Scope Industries: An Under-The-Radar OTC Stock (Podcast)
- In this episode of The Intelligent Investing Podcast, Eric Schleien and Anthony Waldichuk discuss another unlisted stock, Scope Industries.
- The CEO, Meyer Luskin, has been at the helm since 1961 and Anthony describes him as the "Poor Man's Warren Buffett"
- Like Buffett, Luskin is also a billionaire. Unlike Buffett, most people have never heard of Luskin or Scope Industries.
In episode #46 of the Intelligent Investing Podcast, I sat down with Anthony Waldichuk to discuss Scope Industries (OTC:SCPJ).
Scope Industries is an unlisted dark company traded over the counter. The company was formerly traded on the AMEX and has been in business for 81 years. The current CEO has been at the helm since 1961 and took over the company in the 1950s. He writes letters to shareholders every year. While the company does not report financials, it's not difficult to obtain these shareholder letters if you request them from the company.
Anthony, who I interviewed on the podcast, has been a shareholder for the past 15 years and Scope Industries was one of the first unlisted stocks he ever purchased. The stock is illiquid, trading just a few times per week. However, the company is larger than many dark companies, currently just under $200 million.
Meyer Luskin has used Scope Industries to purchase businesses in various industries over the years. Currently, the majority of the business is in recycling expired bakery products into animal feed. Scope Industries pioneered this process. This recycled waste then gets used to make horse and cow feed.

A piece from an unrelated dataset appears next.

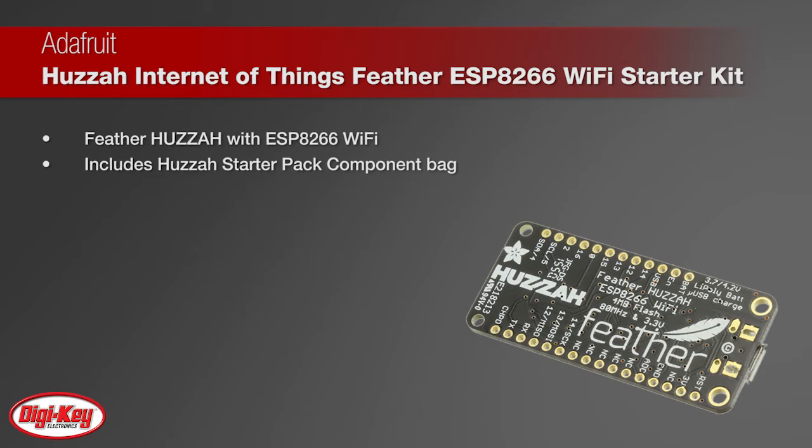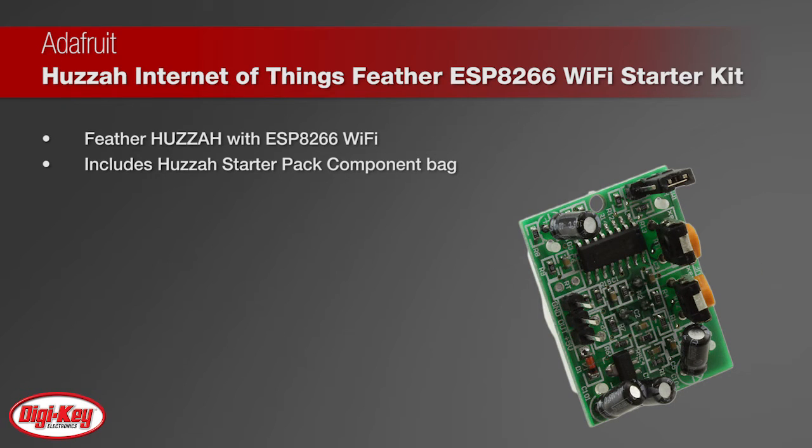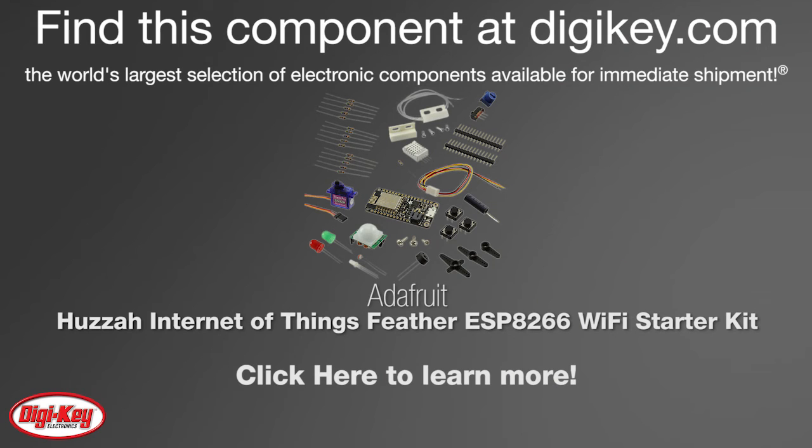You can then send the data for storage on Adafruit.io. This pack is designed for people who want to use the low-cost Adafruit Feather Huzzah with ESP8266 Wi-Fi microcontroller and are comfortable with that platform to explore IoT. To learn more, visit this product page on digikey.com.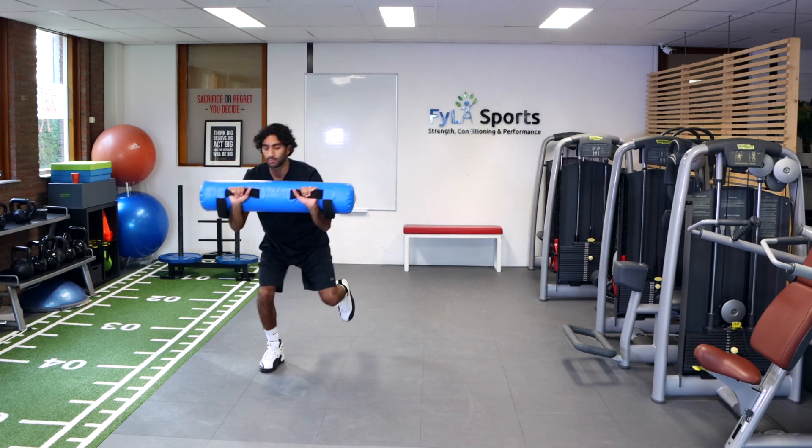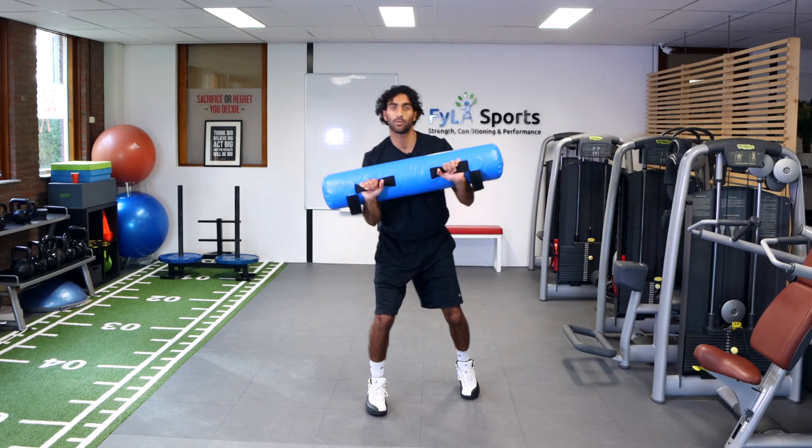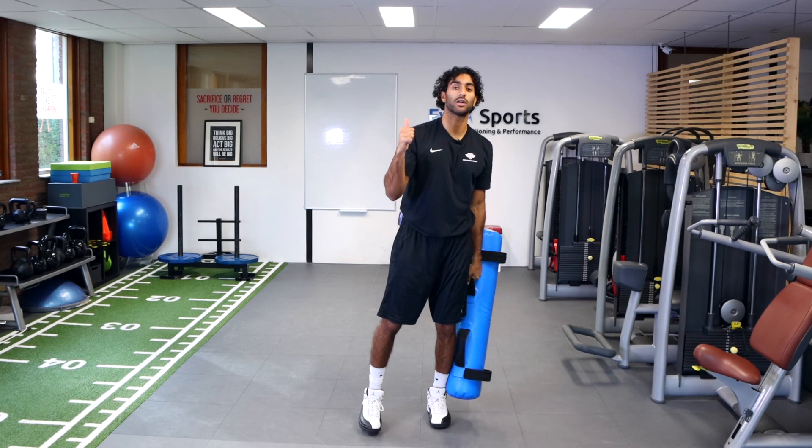If you need to catch it, that's totally fine, but try and work on that knee stability, allowing yourself to fix the water from pushing you all over the place. So grab a bag, give it a shot — good luck!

Interestingly enough, the company tends to track the price of corn as the business is directly in competition with corn as food stock.
While the business has hit a rough patch over the past couple of years, my bet is the company will make money again as Luskin has a knack for intelligent capital allocation and also keeping costs extremely low.
Like Buffett, Luskin is a philanthropist. In 2010, Luskin issued a special dividend of $66/share when the stock was trading at $70/share. He used this cash to donate to UCLA, leading to the second largest gift UCLA has ever received behind billionaire music mogul David Geffen's $200 million donation to UCLA's medical school in 2002. $50 million of Luskin's gift established the Meyer and Renee Luskin School of Public Affairs at UCLA, the other half is earmarked for constructing an off-campus conference center.